Literature DB >> 28549474

A rare presentation of metastatic prostate cancer, initially a suspect for urothelial cell carcinoma of the ureter: a case report.

Ho Seok Chung1, Myung Soo Kim1, Yang Hyun Cho1, Eu Chang Hwang2, Seung Il Jung1, Taek Won Kang1, Dong Deuk Kwon1, Suk Hee Heo3, Chan Choi4.   

Abstract

BACKGROUND: The most common metastatic sites of prostate cancer are the lymph nodes and bone. Ureteral metastasis from prostate cancer is very unusual and only a few cases have been reported. CASE
PRESENTATION: We describe a 76-year-old male with ureteral metastasis of prostate cancer along with a review of the literature. Initially, based on the diagnostic evaluation, urothelial cell carcinoma of the left distal ureter was suspected. Nephroureterectomy with bladder cuff excision was performed. The final pathologic diagnosis was prostate cancer metastatic to the ureter.
CONCLUSION: Although rare and the mechanistic link between prostate cancer and distant ureteral metastasis has not been clarified on a clinical basis, this would be included in the differential diagnosis of ureteral lesions in patients with a history of prostate cancer. It is important to recognize this unusual manifestation so that timely appropriate treatment can be initiated.

Entities:  

Keywords:  Neoplasm metastasis; Prostate cancer; Ureter

Mesh:

Year:  2017        PMID: 28549474      PMCID: PMC5446708          DOI: 10.1186/s12894-017-0227-1

Source DB:  PubMed          Journal:  BMC Urol        ISSN: 1471-2490            Impact factor:   2.264


Background

Prostate cancer, one of the most common malignancies in aging men, commonly spreads to lymph nodes and bone [1]. Ureteral metastasis from other primary cancers is very rare, and prostate cancer metastatic to the ureter is extremely rare, as only 45 cases have been reported worldwide in the last century [2, 3]. Herein, we describe a patient with hydronephrosis secondary to a ureteral tumor caused by metastasis from prostate cancer.

Case presentation

A 76-year-old male visited the emergency room in June 2014 because of left flank pain.

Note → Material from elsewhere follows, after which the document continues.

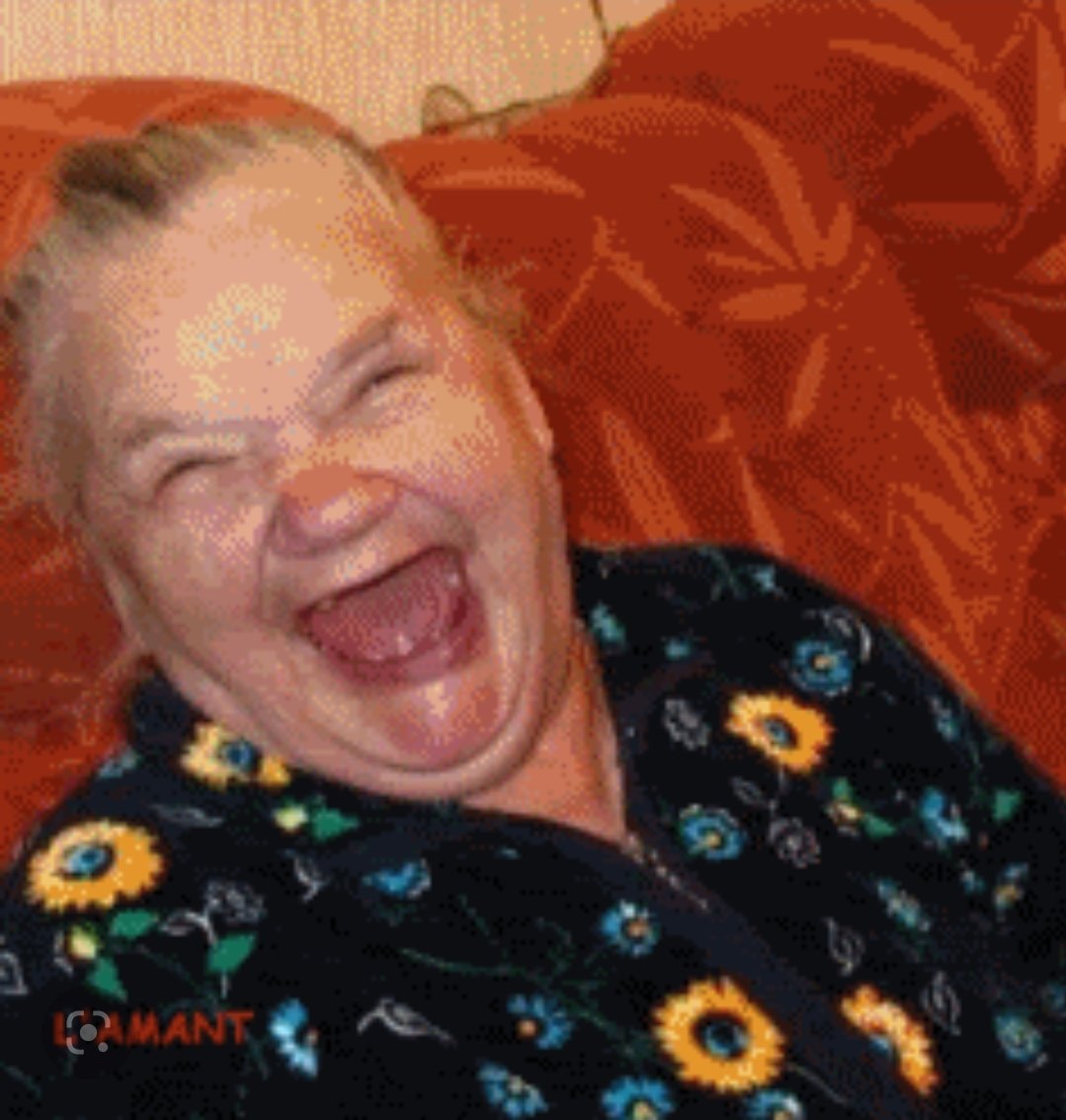 Бабка смеется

His past medical history was significant for advanced prostate cancer treated with androgen deprivation therapy (ADT). According to medical records, he first presented at our outpatient department with urinary obstructive symptoms and was diagnosed with prostate cancer (clinical stage T3bN0M0), with an initial serum prostate specific antigen (PSA) level of 80.69 ng/ml 2 years earlier. At that time, we recommended ADT plus radiation for the treatment of the prostate cancer. However, the patient only received ADT. After 9 months of complete androgen blockade therapy, the PSA had decreased to 0.39 ng/ml, but the patient was lost to follow-up and treatment. When he again presented at the emergency room in June 2014, the PSA level was 6.75 ng/ml. Abdominal computed tomography (CT) revealed a left distal ureteral enhancing mass about 2.1 cm in length causing hydronephrosis, and no lymphadenopathy (Fig. 1). We initially performed left percutaneous nephrostomy for symptomatic hydronephrosis. Retrograde pyelography showed smooth, marginated filling defects in the left distal ureter (Fig. 2). Cytology showed no pathological results.
Fig. 1

Abdominal computed tomography showing a left ureteral mass with hydronephrosis. a axial view, b coronal view

Fig. 2

Retrograde pyelography, showing smooth marginated filling defects in the left distal ureter

Abdominal computed tomography showing a left ureteral mass with hydronephrosis. a axial view, b coronal view Retrograde pyelography, showing smooth marginated filling defects in the left distal ureter Because of suspected urothelial cell carcinoma of the left distal ureter, nephroureterectomy with bladder cuff excision was performed. Pathological examination revealed a lesion consisting of hyperchromatic cells around the ureter (Fig. 3a). Immunohistochemical staining was strongly positive for prostate cancer markers, including p504S, PSA, and ERG, and negative for p63 (Fig. 3b-e). These findings confirmed a diagnosis of prostate carcinoma metastatic to the left ureter, with no evidence of urothelial cell carcinoma. The tumor invaded the adventitia and muscularis of the ureter, but the distal ureteral surgical margin was not involved by tumor cells.
Fig. 3

Pathological features of the involved ureter. a Solid sheet of hyperchromatic cells are noted around the ureter. Arrow indicates ureter. (hematoxylin-eosin staining, ×10) (b, c, d, e) The tumor cells were positive for p504S, prostate specific antigen (PSA), and ERG, and negative for p63 (immunohistochemical stain, ×200)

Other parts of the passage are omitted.